--- START ---

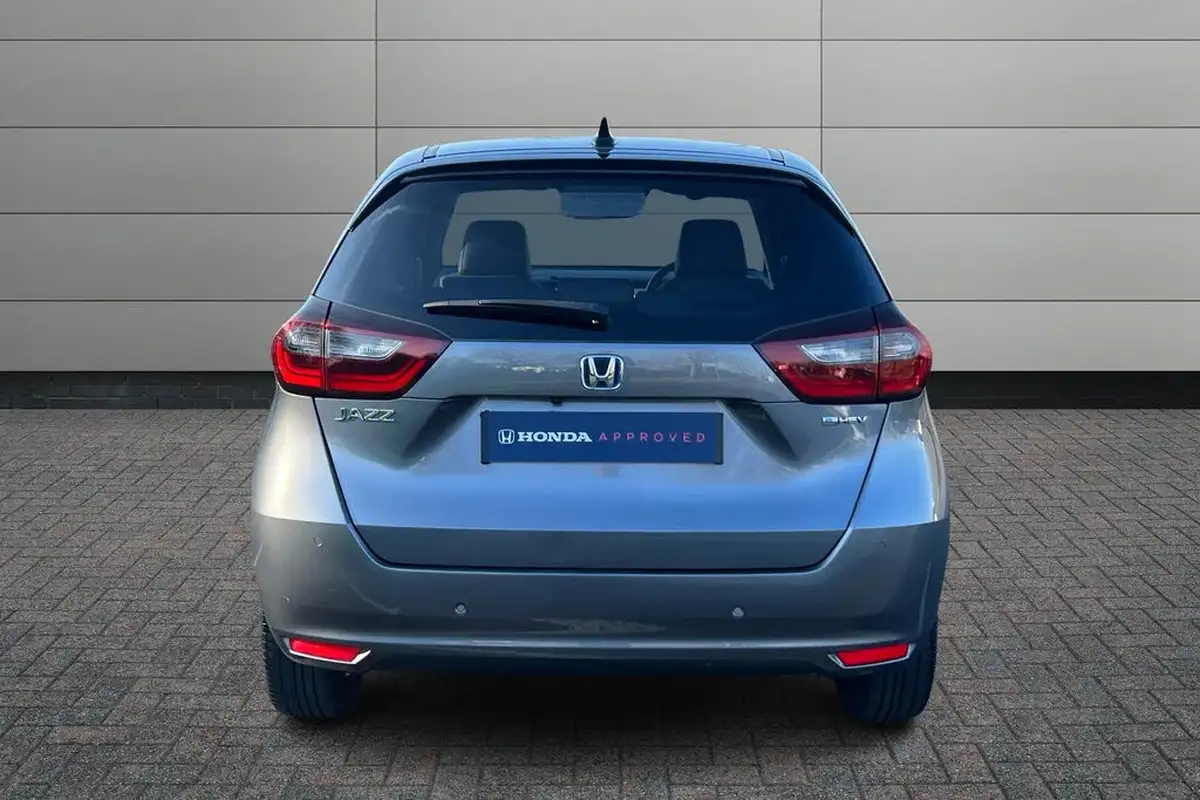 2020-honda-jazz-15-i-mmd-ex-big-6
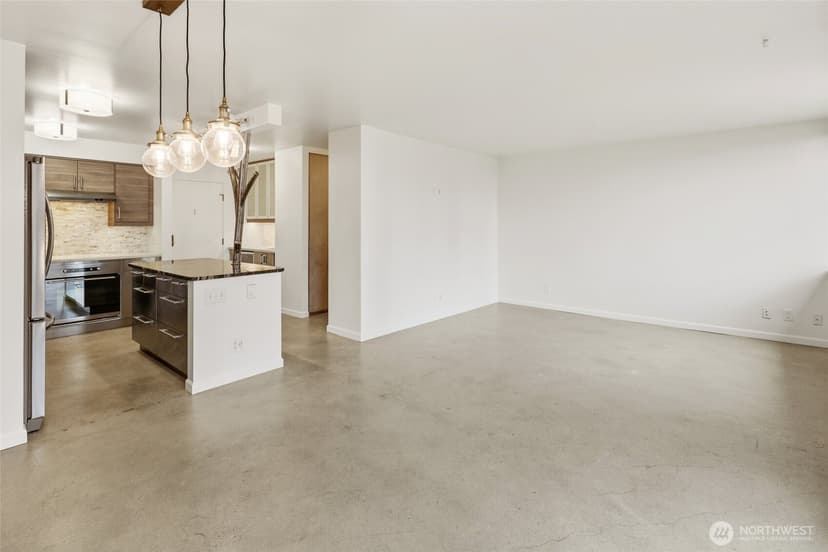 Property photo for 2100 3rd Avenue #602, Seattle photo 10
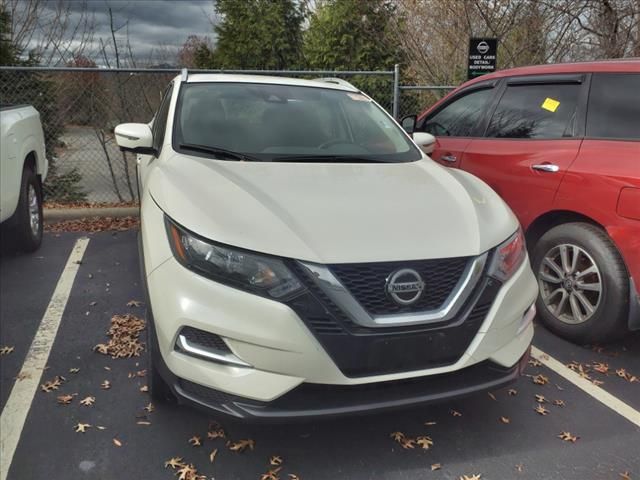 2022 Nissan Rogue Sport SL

--- END ---

» Description of the task:
Take the listing above and retype it exactly. Its pictures are to be omitted.

» Solved exercise:
 2020-honda-jazz-15-i-mmd-ex-big-6
 Property photo for 2100 3rd Avenue #602, Seattle photo 10
 2022 Nissan Rogue Sport SL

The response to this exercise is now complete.